[Your task]
Reproduce every line below exactly as written; do not include the images.
[Opening Supplied data section]
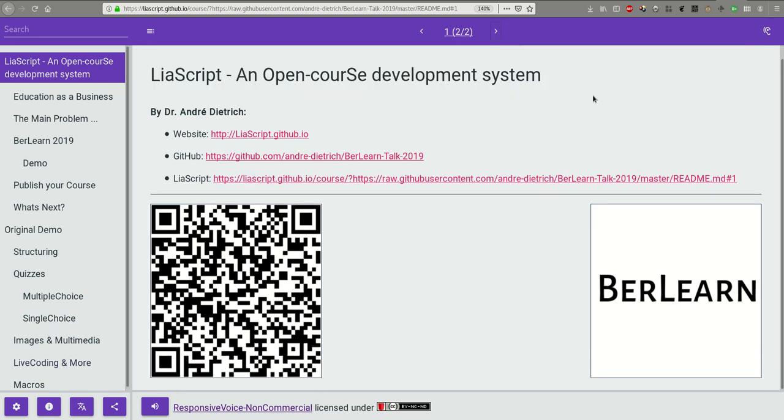LeaScript, in contrast to all authoring systems, is not a tool. It is a language based on Markdown, designed to be easy to learn and to enable everyone to create and share high-quality educational content or at least participate in this process.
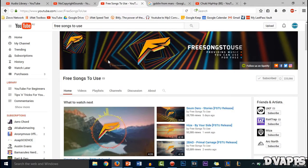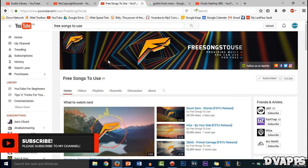The next one is Free Songs to Use. They're similar to No Copyright Sounds in that they mostly offer electronic music, but they do upload every day so you have a larger selection.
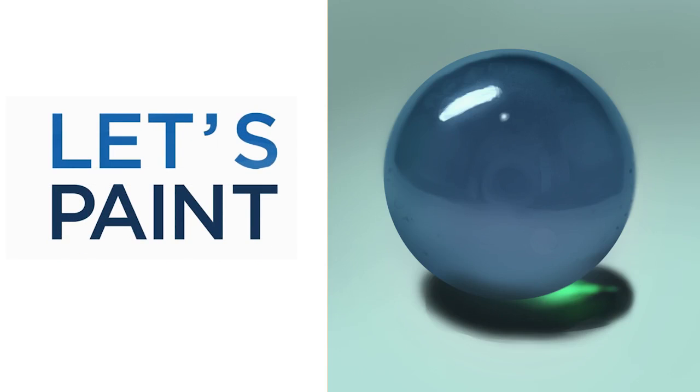Hey guys, this is Matt Kaur from ControlPaint.com and today let's paint a glass marble. I've chosen this subject matter because it is not as tricky as it seems.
[Closing Supplied data section]
[Exercise solution]
LeaScript, in contrast to all authoring systems, is not a tool. It is a language based on Markdown, designed to be easy to learn and to enable everyone to create and share high-quality educational content or at least participate in this process.
The next one is Free Songs to Use. They're similar to No Copyright Sounds in that they mostly offer electronic music, but they do upload every day so you have a larger selection.
Hey guys, this is Matt Kaur from ControlPaint.com and today let's paint a glass marble. I've chosen this subject matter because it is not as tricky as it seems.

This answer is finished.